# Choice Gear: Build Your Own Audi Ur quattro With Printer & Cardboard



## [email protected] (Apr 9, 2004)

We've stumbled across a little classic Audi love over on Tinypic.com in the form of an Audi ur quattro template. A red original quattro such as this one has been tearing up the screens in the BBC series _Ashes to Ashes_ and that car apparently inspired this paper cutout template.

The theory is simple. 

1. Go to TinyPic and download the highest resolution version of the car.
2. Print with color printer on paper or card stock for improved durability.
3. Cut out pieces and glue together to form a paper stock ur quattro.
4. Marvel at your handwork and wonder how one would ever build the less boxy and more swooping new Audi A7.

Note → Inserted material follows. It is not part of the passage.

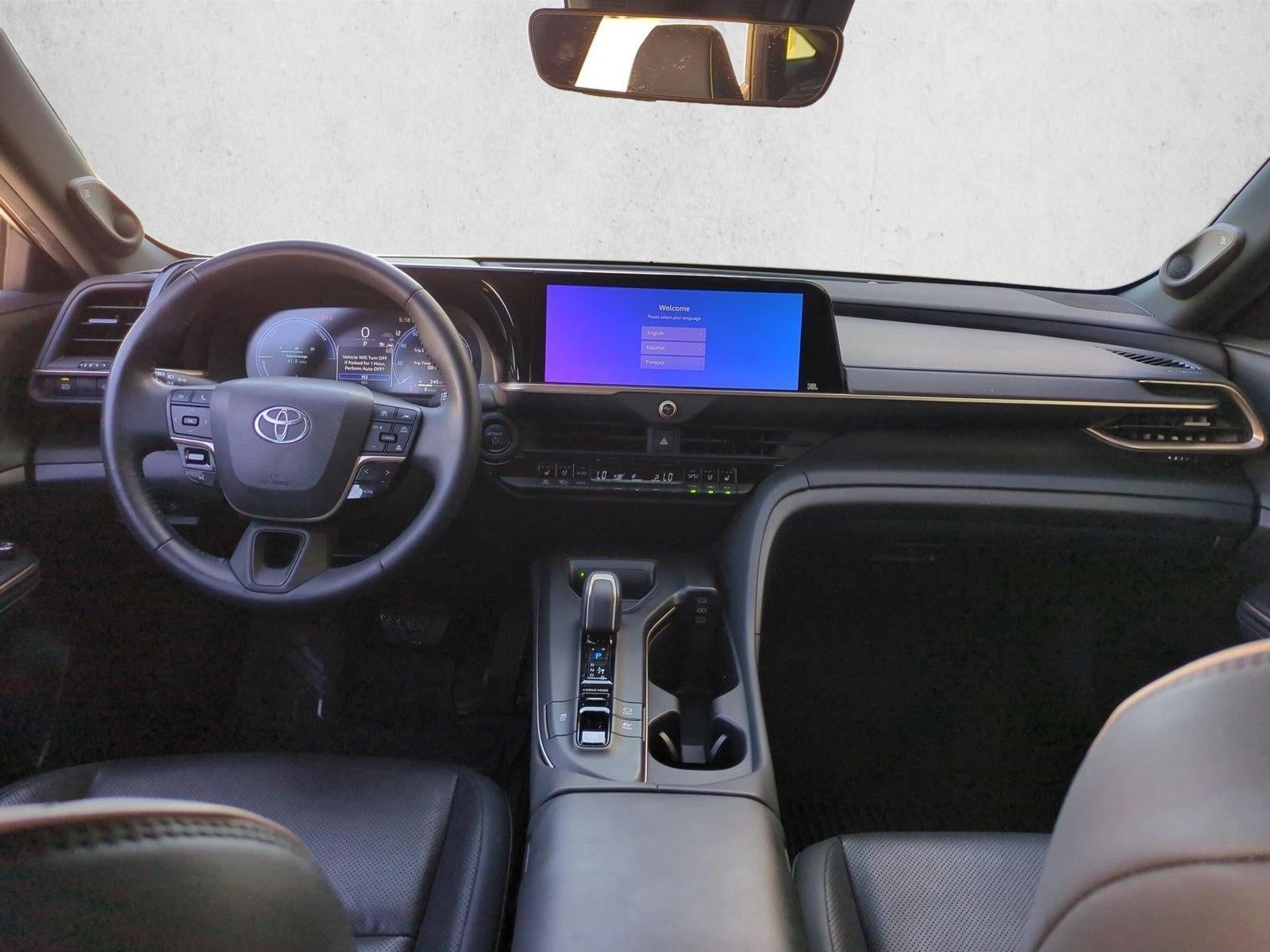 2023 Toyota Crown Limited AWD (Natl)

Check out the original link after the jump.

* TinyPic.com *


----------



## RunDub (May 11, 2008)

AWESOME!!!

:thumbup:


----------



## Sepp (Dec 10, 2002)

Very nice!!!


----------



## rallyedude (Feb 22, 2003)

so, cool. my son just started a similar project but old fighter planes instead of URQ.


----------



## mjulezjr88 (Jun 13, 2007)

Are there any other cars that we can make out of paper?


----------



## [email protected] (Apr 9, 2004)

I'm not finding any with a quick search on Google images but that'd be the way I think you'd find them most easily.


----------